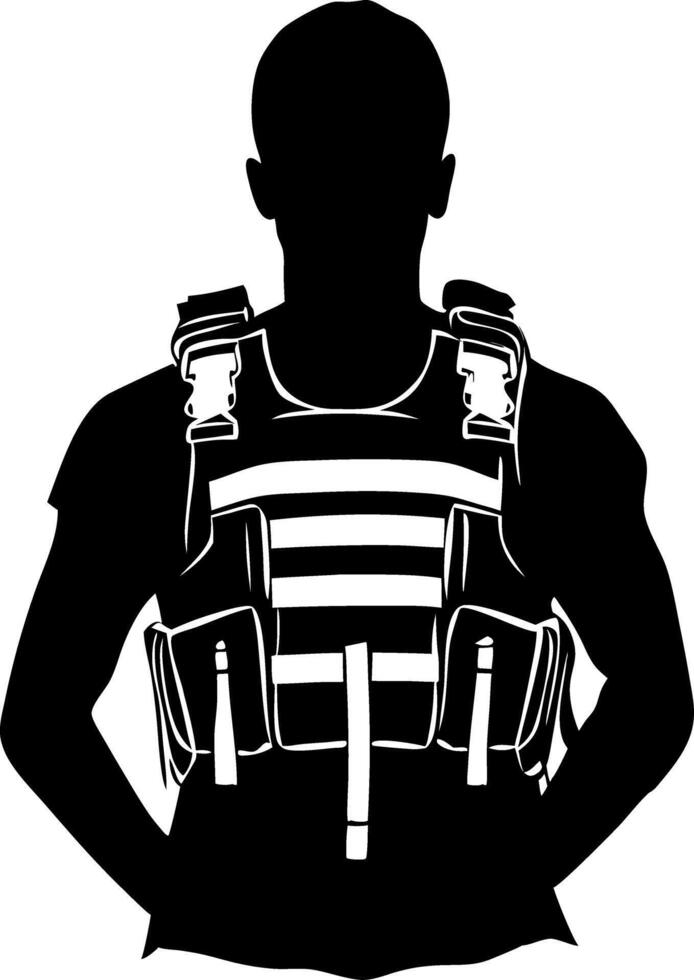 Silhouette of Man Wearing Tactical Vest Illustration for Security and Military Use vector
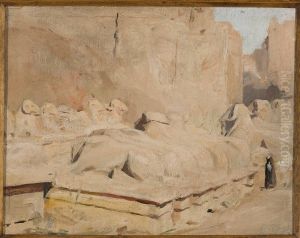 Sphinx Alley, temple of Amun-Re. From the journey to Egypt by Jan Ciaglinski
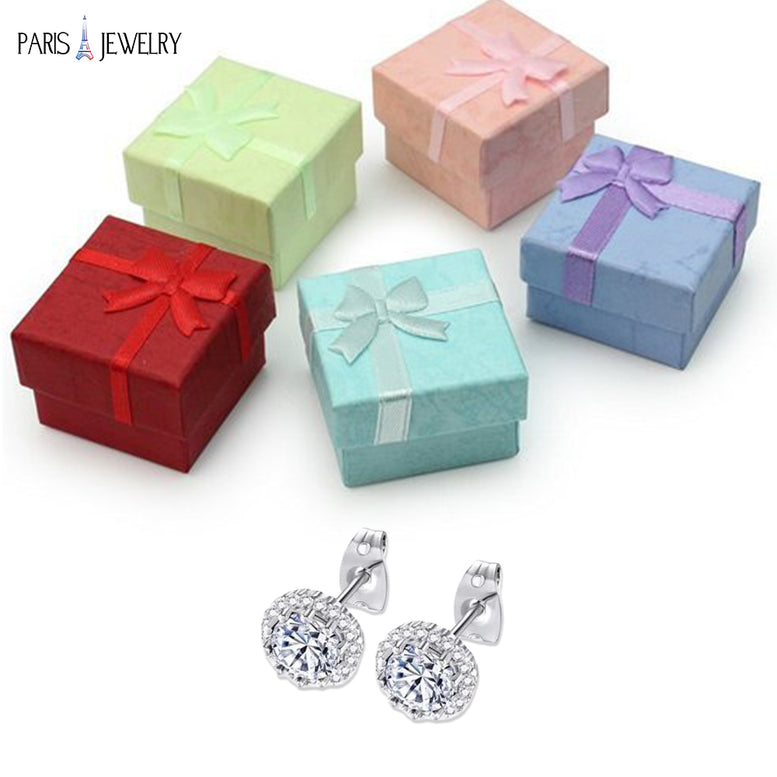 14k White Gold Plated 2 Ct Created Halo Round White Sapphire CZ Stud Earrings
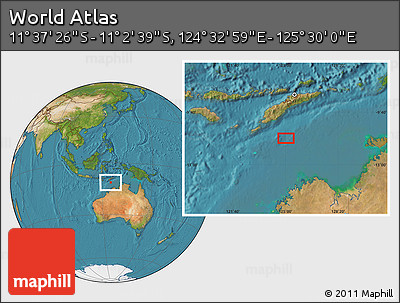Satellite Location Map of the Area around 11° 20' 3" S, 125° 1' 30" E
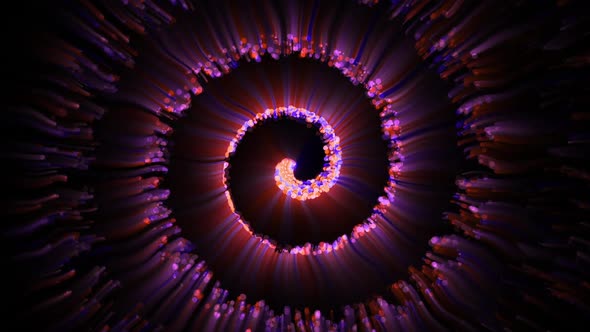 Abstract Spiral Colorful Moving Particles V5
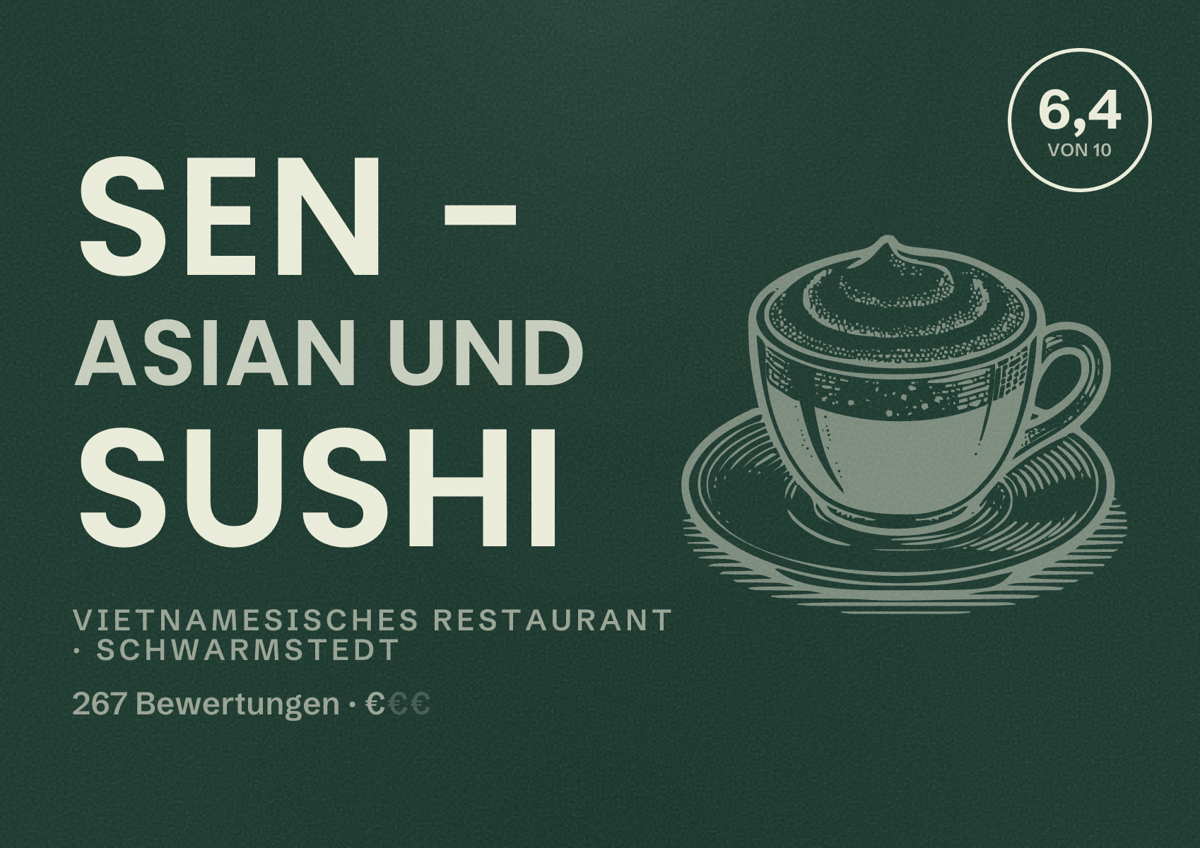 Illustriertes Poster von Sen - Asian und sushi, Vietnamesisches Restaurant in Schwarmstedt: Bewertung 6,4 von 10 aus 267 Bewertungen, Preisniveau €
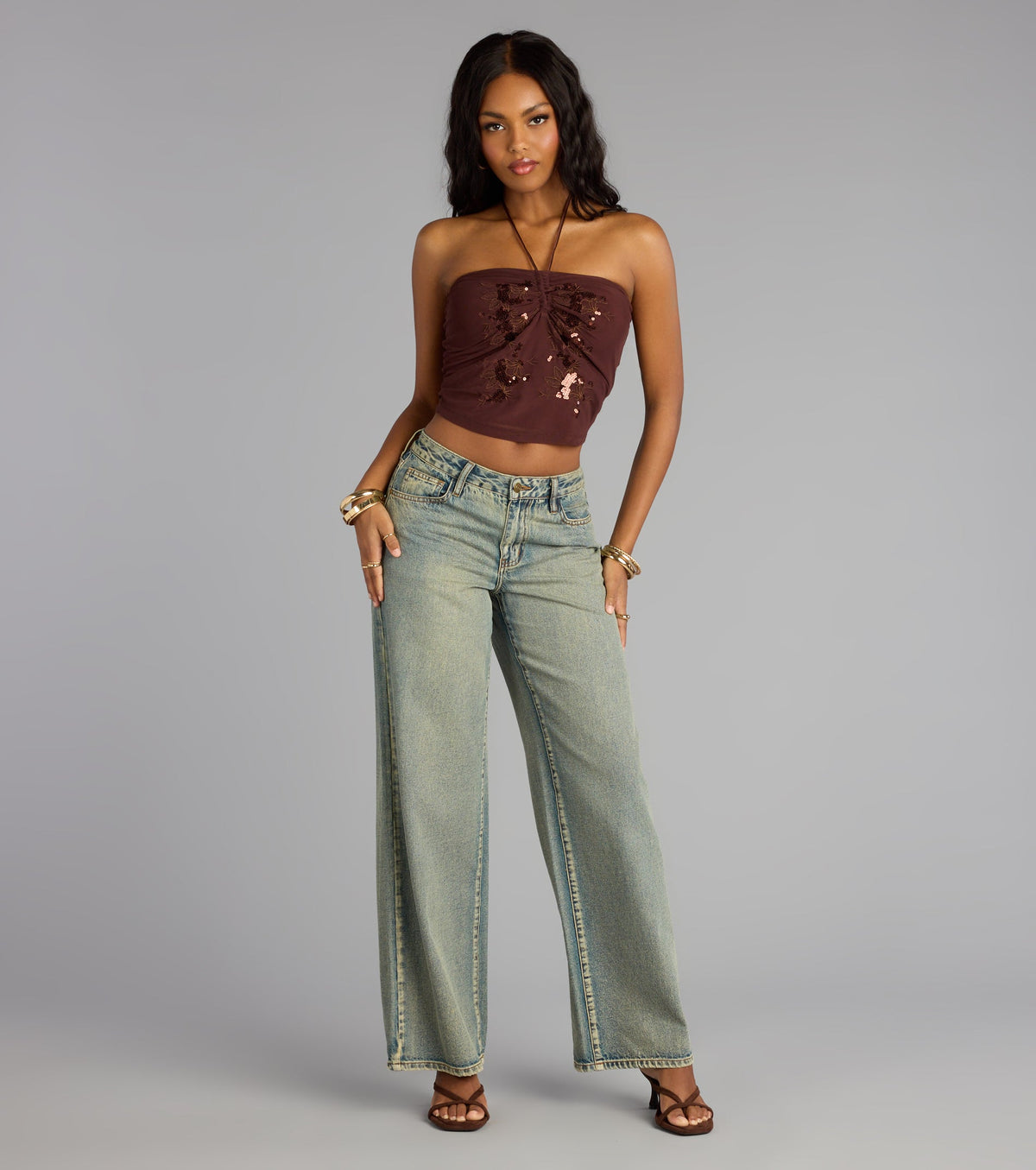 Afterglow Sequin Halter Crop Top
####################
#### Action item
In the records above, find the line that contains "14k White Gold". Print it and every later line exactly, omitting the pictures.

#### Exercise result
 14k White Gold Plated 2 Ct Created Halo Round White Sapphire CZ Stud Earrings
Satellite Location Map of the Area around 11° 20' 3" S, 125° 1' 30" E
 Abstract Spiral Colorful Moving Particles V5
 Illustriertes Poster von Sen - Asian und sushi, Vietnamesisches Restaurant in Schwarmstedt: Bewertung 6,4 von 10 aus 267 Bewertungen, Preisniveau €
 Afterglow Sequin Halter Crop Top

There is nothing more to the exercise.